Team Durango Ltd
- Company type: Private Limited Company (Ltd.)
- Industry: Racing
- Founded: 2008-2017
- Key people: Gerd Strenge Michael Vollmer
- Products: Radio-controlled Cars
- Owner: Hobbico
- Website: www.team-durango.com/

= Team Durango =

Team Durango was a manufacturer and distributor of radio-controlled cars and accessories.

==History==
The original Durango was developed by Serpent Racing from the Netherlands who teamed up with Gerd Strenge to develop a Serpent-Branded 4WD electric buggy based upon prototype cars designs and built by German racer Gerd Strenge, calling the car the S500. The car was a radical departure from the slab-sided hand-machined prototypes when it first saw the light of day at Nuremberg 2008 however the economic climate meant the car never went into production.
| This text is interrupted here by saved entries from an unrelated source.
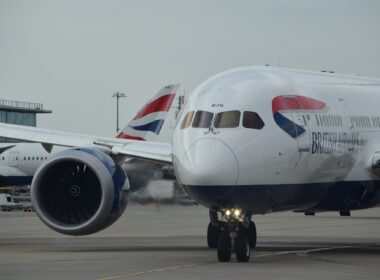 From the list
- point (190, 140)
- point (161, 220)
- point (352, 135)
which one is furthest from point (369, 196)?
point (161, 220)

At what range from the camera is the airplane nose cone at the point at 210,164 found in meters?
21.5

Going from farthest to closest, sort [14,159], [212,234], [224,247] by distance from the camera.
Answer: [14,159], [212,234], [224,247]

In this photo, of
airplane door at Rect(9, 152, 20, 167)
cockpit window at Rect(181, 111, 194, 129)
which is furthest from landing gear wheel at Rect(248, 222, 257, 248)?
airplane door at Rect(9, 152, 20, 167)

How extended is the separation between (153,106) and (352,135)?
1144 inches

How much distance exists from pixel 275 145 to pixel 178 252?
4847 mm

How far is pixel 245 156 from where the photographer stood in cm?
2191

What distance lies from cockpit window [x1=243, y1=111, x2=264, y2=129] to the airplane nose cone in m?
0.86

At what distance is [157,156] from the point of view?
87.6 ft

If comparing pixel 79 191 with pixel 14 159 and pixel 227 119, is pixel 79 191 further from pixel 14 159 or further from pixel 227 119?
pixel 14 159

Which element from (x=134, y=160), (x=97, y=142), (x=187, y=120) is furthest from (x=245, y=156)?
(x=134, y=160)

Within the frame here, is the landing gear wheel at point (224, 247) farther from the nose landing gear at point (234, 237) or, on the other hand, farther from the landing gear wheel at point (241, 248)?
the landing gear wheel at point (241, 248)

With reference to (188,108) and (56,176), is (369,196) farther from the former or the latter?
(56,176)

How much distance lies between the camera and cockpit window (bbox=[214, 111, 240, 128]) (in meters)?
22.2

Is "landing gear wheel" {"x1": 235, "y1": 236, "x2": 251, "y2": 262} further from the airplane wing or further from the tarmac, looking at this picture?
→ the airplane wing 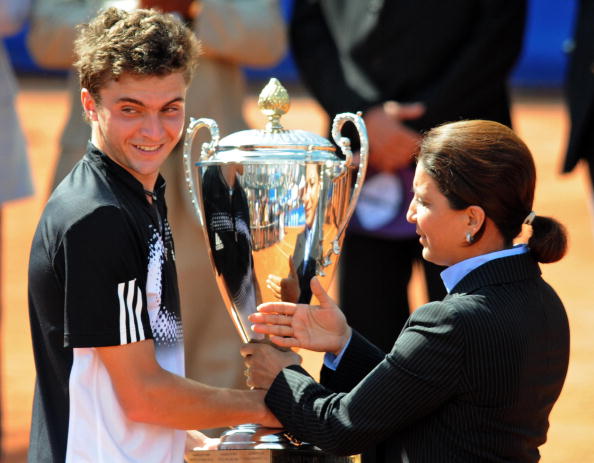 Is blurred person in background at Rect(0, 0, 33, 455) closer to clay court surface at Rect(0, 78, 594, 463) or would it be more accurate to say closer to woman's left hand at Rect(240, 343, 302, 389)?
clay court surface at Rect(0, 78, 594, 463)

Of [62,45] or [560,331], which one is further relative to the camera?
[62,45]

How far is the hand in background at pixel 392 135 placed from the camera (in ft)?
13.1

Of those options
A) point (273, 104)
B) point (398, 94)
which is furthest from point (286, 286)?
point (398, 94)

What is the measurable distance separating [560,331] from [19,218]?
30.5ft

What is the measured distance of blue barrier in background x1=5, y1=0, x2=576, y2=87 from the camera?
623 inches

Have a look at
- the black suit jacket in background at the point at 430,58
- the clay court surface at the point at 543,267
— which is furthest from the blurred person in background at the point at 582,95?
the clay court surface at the point at 543,267

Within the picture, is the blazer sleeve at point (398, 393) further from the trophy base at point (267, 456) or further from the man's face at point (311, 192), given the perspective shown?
the man's face at point (311, 192)

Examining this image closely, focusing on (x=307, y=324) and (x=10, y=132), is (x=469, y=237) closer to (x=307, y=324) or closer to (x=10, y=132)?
(x=307, y=324)

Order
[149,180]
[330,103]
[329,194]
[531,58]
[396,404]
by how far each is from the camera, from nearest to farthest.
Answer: [396,404]
[149,180]
[329,194]
[330,103]
[531,58]

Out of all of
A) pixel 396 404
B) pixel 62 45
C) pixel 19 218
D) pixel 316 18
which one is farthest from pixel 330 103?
pixel 19 218

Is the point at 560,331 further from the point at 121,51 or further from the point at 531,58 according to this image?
the point at 531,58

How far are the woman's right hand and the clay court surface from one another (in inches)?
97.3

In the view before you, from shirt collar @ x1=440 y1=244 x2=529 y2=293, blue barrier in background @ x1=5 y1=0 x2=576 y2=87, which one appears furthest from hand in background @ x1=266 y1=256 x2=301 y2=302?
blue barrier in background @ x1=5 y1=0 x2=576 y2=87

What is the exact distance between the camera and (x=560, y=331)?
7.27 ft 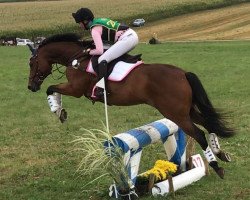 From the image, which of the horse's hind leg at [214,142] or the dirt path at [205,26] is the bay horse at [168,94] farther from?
the dirt path at [205,26]

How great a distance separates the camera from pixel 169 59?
90.8 feet

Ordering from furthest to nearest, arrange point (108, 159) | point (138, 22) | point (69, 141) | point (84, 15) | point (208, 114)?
1. point (138, 22)
2. point (69, 141)
3. point (84, 15)
4. point (208, 114)
5. point (108, 159)

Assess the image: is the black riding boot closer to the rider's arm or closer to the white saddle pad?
the white saddle pad

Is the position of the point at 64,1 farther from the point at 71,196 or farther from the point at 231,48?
the point at 71,196

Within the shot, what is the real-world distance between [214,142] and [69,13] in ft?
196

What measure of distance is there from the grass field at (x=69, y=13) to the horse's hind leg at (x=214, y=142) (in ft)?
156

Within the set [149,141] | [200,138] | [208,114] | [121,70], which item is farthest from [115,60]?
[200,138]

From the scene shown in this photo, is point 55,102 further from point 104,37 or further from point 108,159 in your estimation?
point 108,159

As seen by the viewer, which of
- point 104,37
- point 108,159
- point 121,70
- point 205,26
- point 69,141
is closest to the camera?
point 108,159

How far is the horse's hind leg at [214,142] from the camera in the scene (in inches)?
275

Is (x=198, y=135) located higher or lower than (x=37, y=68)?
lower

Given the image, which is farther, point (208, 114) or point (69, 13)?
point (69, 13)

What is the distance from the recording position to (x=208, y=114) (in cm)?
713

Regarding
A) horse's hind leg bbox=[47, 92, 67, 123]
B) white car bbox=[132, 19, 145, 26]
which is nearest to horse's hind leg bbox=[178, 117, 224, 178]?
horse's hind leg bbox=[47, 92, 67, 123] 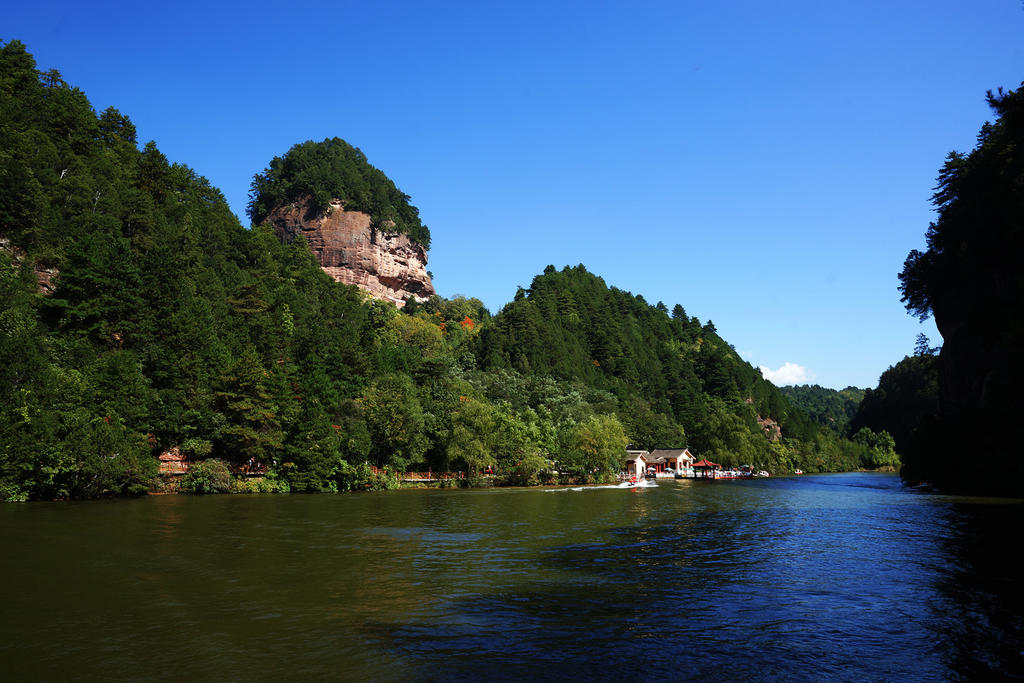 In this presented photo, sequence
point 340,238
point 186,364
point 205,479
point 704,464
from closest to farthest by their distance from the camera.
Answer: point 205,479
point 186,364
point 704,464
point 340,238

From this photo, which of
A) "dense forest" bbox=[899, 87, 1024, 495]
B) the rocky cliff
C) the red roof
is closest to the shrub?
"dense forest" bbox=[899, 87, 1024, 495]

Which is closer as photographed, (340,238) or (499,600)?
(499,600)

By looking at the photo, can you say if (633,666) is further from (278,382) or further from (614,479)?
(614,479)

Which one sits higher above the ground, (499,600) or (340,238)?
(340,238)

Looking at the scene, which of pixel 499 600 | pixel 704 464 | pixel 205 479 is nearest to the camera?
pixel 499 600

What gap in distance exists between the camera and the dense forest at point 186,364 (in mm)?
48562

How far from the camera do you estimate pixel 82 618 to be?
16.7m

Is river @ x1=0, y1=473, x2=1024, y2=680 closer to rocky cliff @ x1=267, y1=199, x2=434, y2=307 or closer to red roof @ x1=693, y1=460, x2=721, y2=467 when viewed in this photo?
red roof @ x1=693, y1=460, x2=721, y2=467

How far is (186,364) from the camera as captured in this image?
204 ft

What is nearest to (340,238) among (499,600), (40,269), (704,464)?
(704,464)

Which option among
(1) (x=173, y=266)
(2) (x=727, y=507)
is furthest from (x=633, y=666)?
(1) (x=173, y=266)

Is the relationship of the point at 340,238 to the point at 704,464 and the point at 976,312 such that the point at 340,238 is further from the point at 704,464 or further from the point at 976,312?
the point at 976,312

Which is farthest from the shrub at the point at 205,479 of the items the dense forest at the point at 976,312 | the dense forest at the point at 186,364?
the dense forest at the point at 976,312

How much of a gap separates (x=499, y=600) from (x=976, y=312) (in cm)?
6681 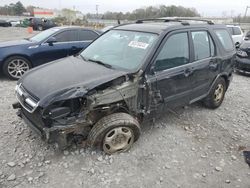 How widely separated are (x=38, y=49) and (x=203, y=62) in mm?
4576

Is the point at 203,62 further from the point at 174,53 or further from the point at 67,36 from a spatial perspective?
the point at 67,36

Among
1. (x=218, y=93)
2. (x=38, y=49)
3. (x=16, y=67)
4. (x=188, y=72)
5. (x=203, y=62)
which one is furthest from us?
(x=38, y=49)

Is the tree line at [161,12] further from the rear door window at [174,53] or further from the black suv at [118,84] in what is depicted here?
the rear door window at [174,53]

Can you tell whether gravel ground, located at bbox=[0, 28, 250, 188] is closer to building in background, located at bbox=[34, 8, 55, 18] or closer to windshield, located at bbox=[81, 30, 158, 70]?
windshield, located at bbox=[81, 30, 158, 70]

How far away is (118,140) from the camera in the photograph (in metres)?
3.65

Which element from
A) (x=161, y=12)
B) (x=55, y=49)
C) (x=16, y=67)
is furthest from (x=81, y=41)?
(x=161, y=12)

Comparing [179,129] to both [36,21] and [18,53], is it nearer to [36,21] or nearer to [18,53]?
[18,53]

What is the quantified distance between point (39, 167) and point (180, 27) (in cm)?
293

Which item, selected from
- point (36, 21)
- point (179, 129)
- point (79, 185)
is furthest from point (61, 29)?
point (36, 21)

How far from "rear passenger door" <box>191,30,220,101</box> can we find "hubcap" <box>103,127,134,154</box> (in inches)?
60.4

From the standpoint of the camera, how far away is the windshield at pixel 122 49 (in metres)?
3.73

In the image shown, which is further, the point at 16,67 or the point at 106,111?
the point at 16,67

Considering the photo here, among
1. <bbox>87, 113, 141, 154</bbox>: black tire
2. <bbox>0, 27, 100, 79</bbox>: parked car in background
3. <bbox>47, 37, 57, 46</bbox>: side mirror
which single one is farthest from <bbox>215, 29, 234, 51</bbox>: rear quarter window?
<bbox>47, 37, 57, 46</bbox>: side mirror

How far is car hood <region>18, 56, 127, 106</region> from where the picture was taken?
3100 millimetres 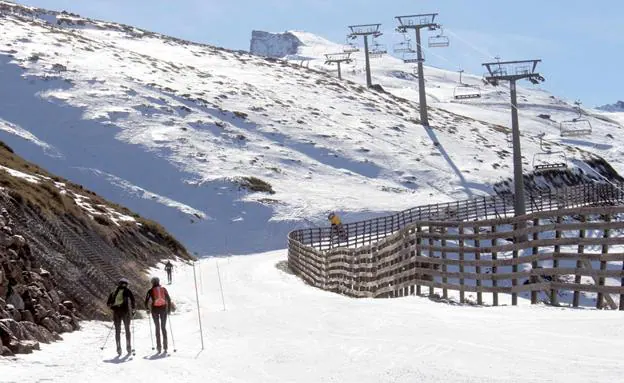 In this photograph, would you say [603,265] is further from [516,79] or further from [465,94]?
[465,94]

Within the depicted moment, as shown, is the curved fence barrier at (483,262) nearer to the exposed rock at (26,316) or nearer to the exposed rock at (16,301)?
the exposed rock at (26,316)

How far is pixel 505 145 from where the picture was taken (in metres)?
100

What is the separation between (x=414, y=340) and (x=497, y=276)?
466 centimetres

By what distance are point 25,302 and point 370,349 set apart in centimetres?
679

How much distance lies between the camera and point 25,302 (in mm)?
16531

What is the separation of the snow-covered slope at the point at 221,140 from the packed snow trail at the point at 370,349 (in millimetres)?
40803

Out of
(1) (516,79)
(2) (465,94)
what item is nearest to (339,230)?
(1) (516,79)

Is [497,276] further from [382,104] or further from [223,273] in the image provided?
[382,104]

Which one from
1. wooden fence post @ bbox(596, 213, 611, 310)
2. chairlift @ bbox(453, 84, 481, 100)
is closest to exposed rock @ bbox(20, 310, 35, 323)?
wooden fence post @ bbox(596, 213, 611, 310)

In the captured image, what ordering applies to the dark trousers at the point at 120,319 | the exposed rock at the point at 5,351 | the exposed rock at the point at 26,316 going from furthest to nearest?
the exposed rock at the point at 26,316 < the dark trousers at the point at 120,319 < the exposed rock at the point at 5,351

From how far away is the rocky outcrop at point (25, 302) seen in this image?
1450 cm

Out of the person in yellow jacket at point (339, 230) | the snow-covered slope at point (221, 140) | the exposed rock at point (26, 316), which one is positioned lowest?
the person in yellow jacket at point (339, 230)

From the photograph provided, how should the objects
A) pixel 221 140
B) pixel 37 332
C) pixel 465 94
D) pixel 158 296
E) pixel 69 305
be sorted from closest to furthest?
pixel 158 296, pixel 37 332, pixel 69 305, pixel 221 140, pixel 465 94

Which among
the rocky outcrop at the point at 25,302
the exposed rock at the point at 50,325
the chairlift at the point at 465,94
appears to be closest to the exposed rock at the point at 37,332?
the rocky outcrop at the point at 25,302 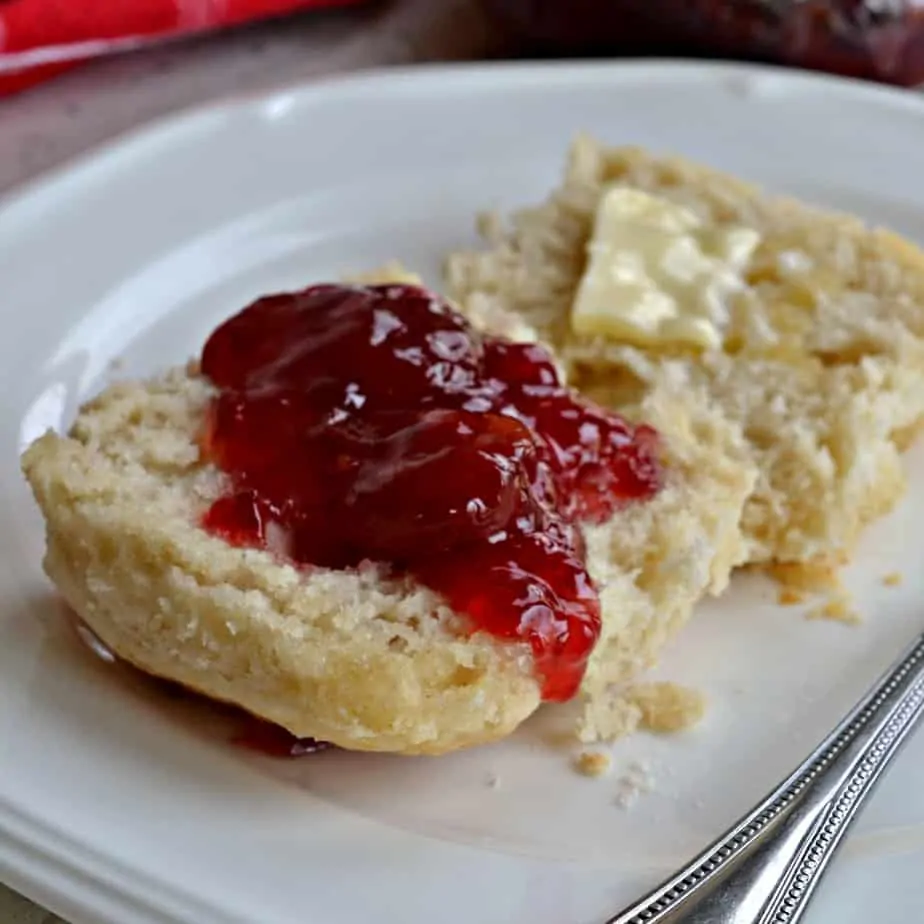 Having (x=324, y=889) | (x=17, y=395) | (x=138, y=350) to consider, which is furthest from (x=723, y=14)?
(x=324, y=889)

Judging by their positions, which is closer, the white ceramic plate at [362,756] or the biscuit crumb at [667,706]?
the white ceramic plate at [362,756]

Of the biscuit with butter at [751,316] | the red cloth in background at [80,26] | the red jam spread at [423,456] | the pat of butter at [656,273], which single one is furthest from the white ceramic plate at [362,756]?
the red cloth in background at [80,26]

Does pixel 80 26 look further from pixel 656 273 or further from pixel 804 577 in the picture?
pixel 804 577

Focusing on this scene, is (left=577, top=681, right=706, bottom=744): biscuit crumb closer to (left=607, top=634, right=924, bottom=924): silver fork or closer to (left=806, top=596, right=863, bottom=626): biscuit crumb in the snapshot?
(left=607, top=634, right=924, bottom=924): silver fork

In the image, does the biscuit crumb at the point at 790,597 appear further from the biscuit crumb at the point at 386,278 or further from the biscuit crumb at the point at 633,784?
the biscuit crumb at the point at 386,278

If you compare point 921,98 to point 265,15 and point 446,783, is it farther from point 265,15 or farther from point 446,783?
point 446,783

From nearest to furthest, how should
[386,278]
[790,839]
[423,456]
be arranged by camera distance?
[790,839] < [423,456] < [386,278]

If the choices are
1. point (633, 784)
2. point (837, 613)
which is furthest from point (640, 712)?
point (837, 613)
Fortunately Gerd Strenge and his designer Michael Vollmer formed at the end of 2008 the brand ‘Team Durango’, launching a redesigned S500 called the DEX410 and making it available to the mass market since September 2009. For many years before then prototype cars designed and built by Gerd had noticeable success against the larger commercial builders on the European racing scene.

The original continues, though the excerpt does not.